DLWorkspace

General Instruction on DL Workspace deployment.

These are the general steps to deploy a DL Workspace cluster.

  1. [Run Once] Setup development environment.

  2. Configuration the cluster, and determine important information of the cluster (e.g., cluster name, number of Etcd servers used). Please refer to Backup/Restore on instruction to backup/restore cluster configuration.

  3. Configure and setup the databased used in the cluster.

  4. Config shared file system to be used in the cluster, following instructions in Storage.md and the configuration.
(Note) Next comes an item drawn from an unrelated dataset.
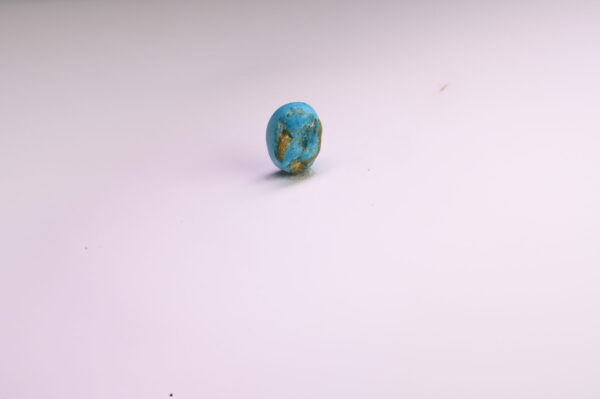 Semi Precious 7.88 Carat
  5.   python deploy.py -y build 
    
  6. Deploy base OS via USB, PXE server, on Azure or on a private Philly cluster. 1 If you would like to deploy a small cluster for testing, or your cluster doesn’t have a VLan setup, we recommend the deployment procedure in USB.md.
    • If you would like to deply a production procedure, we recommend to set up a VLan for your cluster, and use a PXE server. The precedure are described in PXEServer.md.
    • If you would like to deploy a cluster on Azure, please follow the procedure in Azure
    • If you are using a private CoreOS cluster, please follow the procedure in CoreOS. If we plan to install a small number of machines (say 1-2), you may use ISO image. For deploying any larger cluster, PXE server is highly recommended.
  7. Start master and etcd servers. Please use ‘-public’ option if you run command inside firewall, while the cluster is public (e.g., Azure, AWS).
     deploy.py -y deploy
    
  8. Start worker nodes. Please use ‘-public’ option if you run command inside firewall, while the cluster is public (e.g., Azure, AWS).

     deploy.py -y updateworker
    

    If you stop here, you will have a fully functional kubernete cluster. Thus, part of DL Workspace setup can be considered automatic procedure to setup a kubernete cluster. You don’t need shared file system or database for kubernete cluster operation.
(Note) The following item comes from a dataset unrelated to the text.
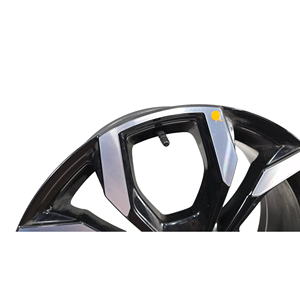 Rueda de Aleación FORD Puma Serie L1TC-H1A (19>) - Product Image 3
  9. __Static IP:__ Static IP/DNS name are strongly recommended for master and Etcd server, especially if you desire High Availability (HA) operation. Please contact your IT department to setup static IP for the master and Etcd server. With static IP, the DL workspace can operate uninterruptedly.

    Otherwise, each time master and Etcd server has been rebooted (the master and Etcd servers may obtain a new IP addresses), you will need to restart master, etcd and work nodes by repeating steps of 4 and 5.

  10. Set hostname of the cluster.
    deploy.py -y hostname set
    
  11. label nodes, so that DL workspace service can be deployed to the proper set of nodes.
    deploy.py -y kubernetes labels
    
  12. Build and mount shared file system

  13. Build and push docker images which are used by the cluster, start webUI service.
     deploy.py webui
     deploy.py docker push restfulapi
     deploy.py docker push webui
     deploy.py -y kubernetes start webportal
     deploy.py -y kubernetes start restfulapi
     deploy.py -y kubernetes start jobmanager
    
  14. If encounter problems, please check on known issues.